Clarify the product first
Marketplace search is not a single problem — clarify the surface and the goal before drawing any boxes.
- Surface: results page, autocomplete, related queries, or all three?
- Inventory: how many active listings, how often do they change, are they geographically scoped?
- Goal metric: NDCG against human judgments, CTR, conversion, gross merchandise value (GMV), or a weighted blend?
- Constraints: p99 latency budget, ad load if any, freshness requirements, cold-start for new sellers.
A strong opener names the decision the model supports (where the user clicks) and the business outcome that decision drives (transaction, repeat visit), not just "relevance."
Three-stage architecture
Most strong answers split search ranking into stages with explicit latency budgets:
- Query understanding (10-20ms) — tokenization, language detection, spell correction, intent classification, query expansion, entity tagging.

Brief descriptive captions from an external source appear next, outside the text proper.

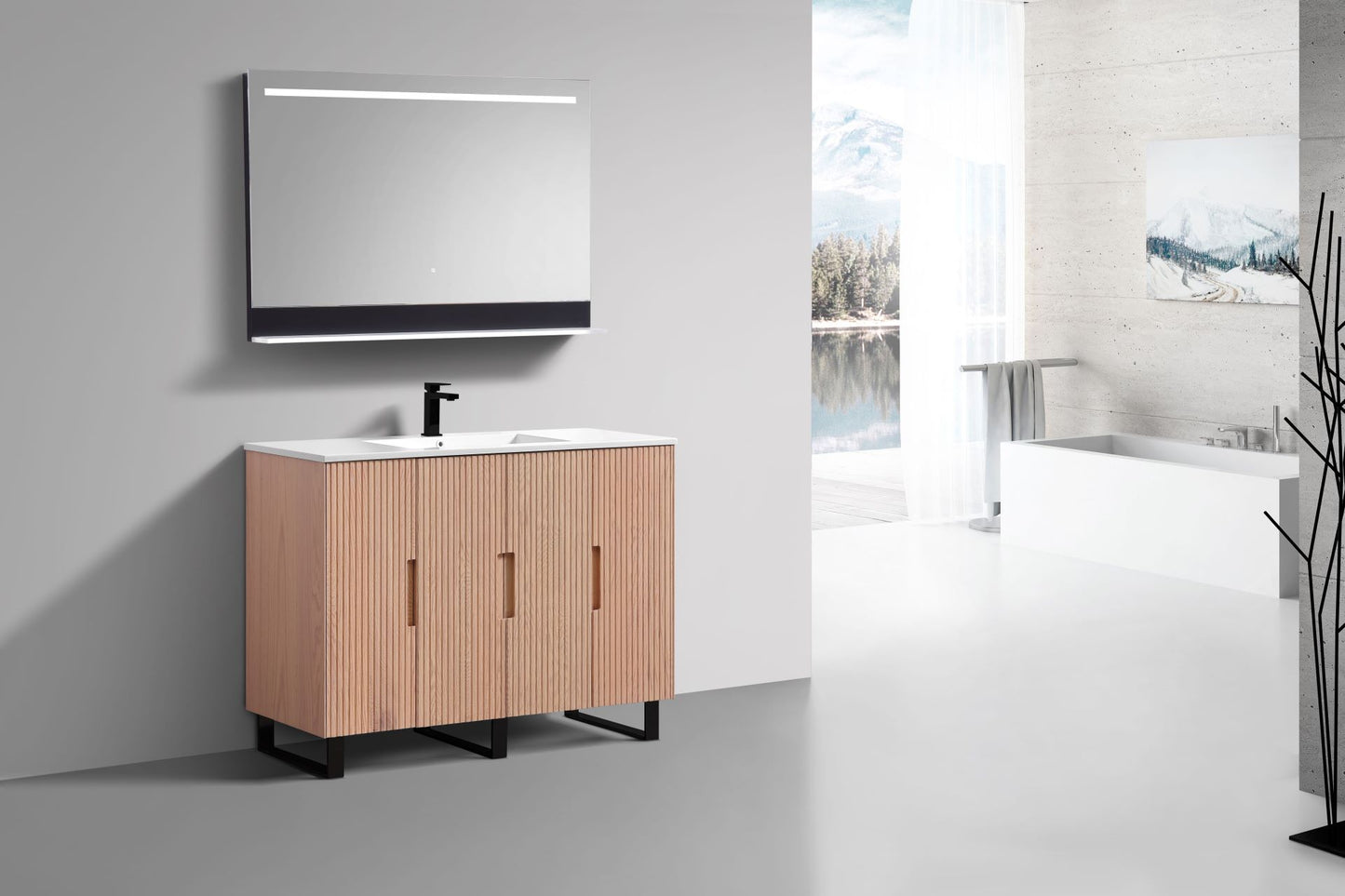 48” Fiore Single Sink Free Standing Bathroom Vanity w/ Matte Black Legs – Oakwood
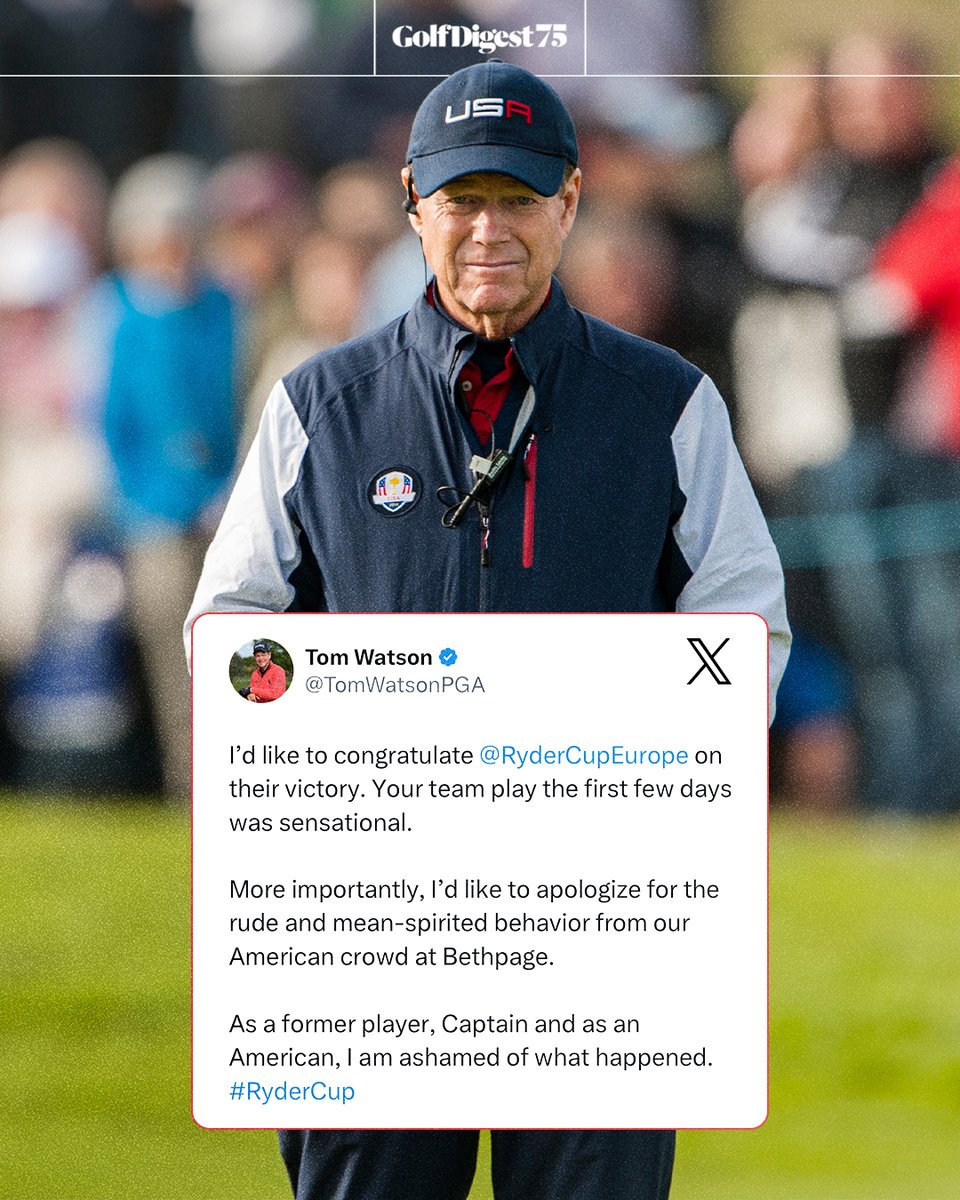 Tom Watson says he is ashamed of the crowd's behavior at Bethpage.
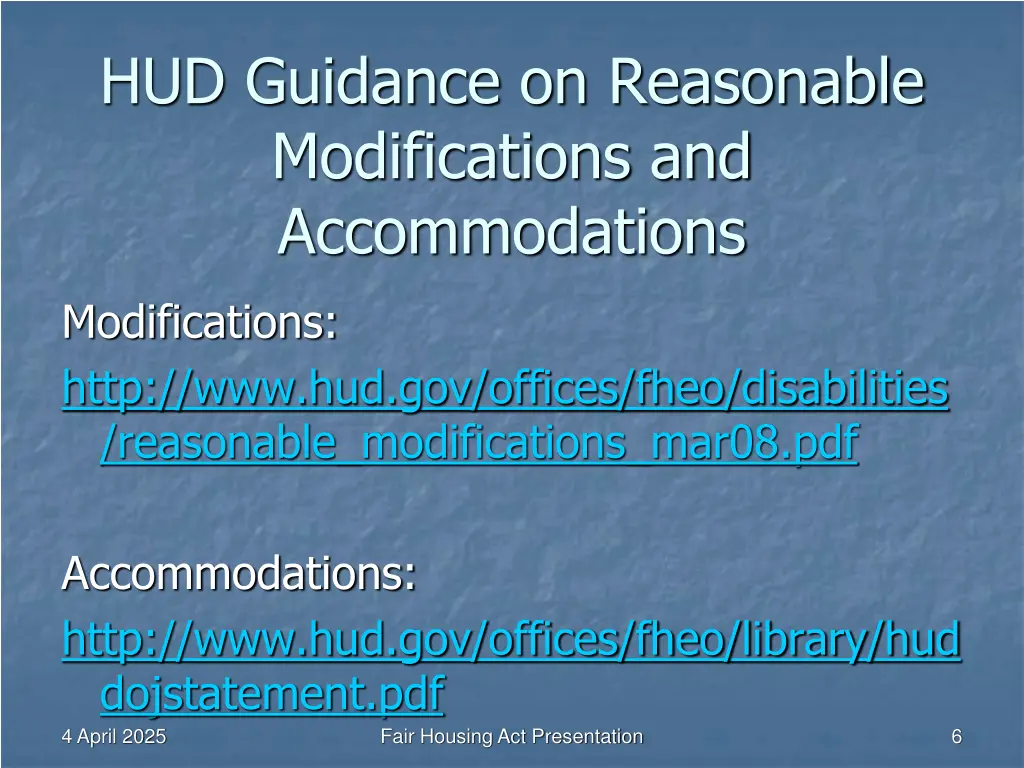 hud guidance on reasonable modifications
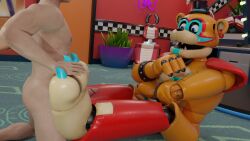 animatronic animatronic_male bear feet five_nights_at_freddy's five_nights_at_freddy's:_security_breach footjob furry gay gay_male gay_sex glamrock_freddy_(fnaf) human human_on_anthro humanoid humanoid_genitalia humanoid_penis keatonrogers0201 penis scottgames steel_wool_studios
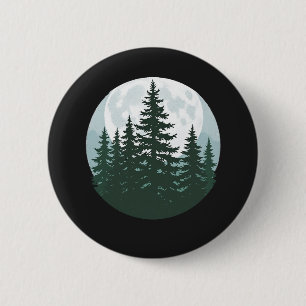 Badge Rond 5 Cm Arbres Faune Nature Forêt Silhouette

- Candidate retrieval (50-80ms) — inverted index for lexical match, ANN over embeddings for semantic match, then a hybrid merge. Cap each branch (e.g., top 1000 per side, deduped to top 1000 overall).
- Ranking (80-100ms) — a fast first-pass ranker (logistic regression or shallow GBDT on cheap features) trims to ~100, then a heavier ranker (deep model or large GBDT with rich features) produces the final ordering.
Adding a fourth re-ranking / business policy stage (~10ms) for diversity, freshness, ads, and exposure fairness is the senior touch — it lets you respond to product asks without retraining the core model.
Features that actually move the needle
Group features by how cheap they are to compute:
- Document features (precomputed): listing quality score, seller reputation, price percentile, recency, photo count, embedding.
- Query features (computed once per request): embedding, intent tag, length, language, query frequency.
- Query × Document features (computed for top-K): BM25, embedding similarity, click-through history at the (query, listing) pair, geographic distance, price-vs-budget.
- Personalization features (per user, optional): past purchases, dwell-time signals, seller preferences. Be honest about cold-start.
Mention training-serving consistency: feature logic must produce identical values at training and serving time, otherwise online wins evaporate.
Training data and labels
Real ranking labels are messy. Walk through the trade-offs:
- Implicit signals (clicks, dwell, conversion) are abundant but biased toward what the system already shows — propose inverse propensity weighting or counterfactual evaluation.
- Human relevance judgments are unbiased but expensive — reserve for evaluation, not training.
- Pairwise / listwise labels beat pointwise for ranking — mention LambdaMART or a listwise NN loss.
Cold-start for new listings is real. Bootstrap with content-based features and an exploration budget (e.g., 5% of impressions to inventory under N views).
Evaluation lens
Senior interviewers want both offline and online evaluation:
- Offline: NDCG@10 on a held-out judged set, AUC on click data, slice analysis by query class (head, torso, tail), recall@K on the retrieval stage.
- Online: A/B test on CTR, conversion, abandoned searches, time-to-click. Pre-register the success metric so you do not p-hack after launch.
- Guardrails: latency p50/p99, query coverage (queries returning zero results), exposure fairness across sellers.
Failure modes the loop will probe
- Popularity bias: rich-get-richer loops where new sellers can't break in. Counter with exploration and exposure regularization.
- Train-serve skew: features computed in batch differ from online. Catch with shadow traffic comparing offline and online feature values.
- Latency tail: a single slow shard kills p99. Use timeouts per stage with a graceful fallback to the cached lexical result.
- Drift: query distribution shifts after marketing campaigns or product launches. Monitor query-class mix and retrigger training when it shifts beyond a threshold.
What the architect signal looks like
Strong candidates close with a one-paragraph trade-off summary: which stage they would invest in first given two engineers and three months, why, and what they would explicitly defer (e.g., personalization until logged-in conversion data has enough volume per user).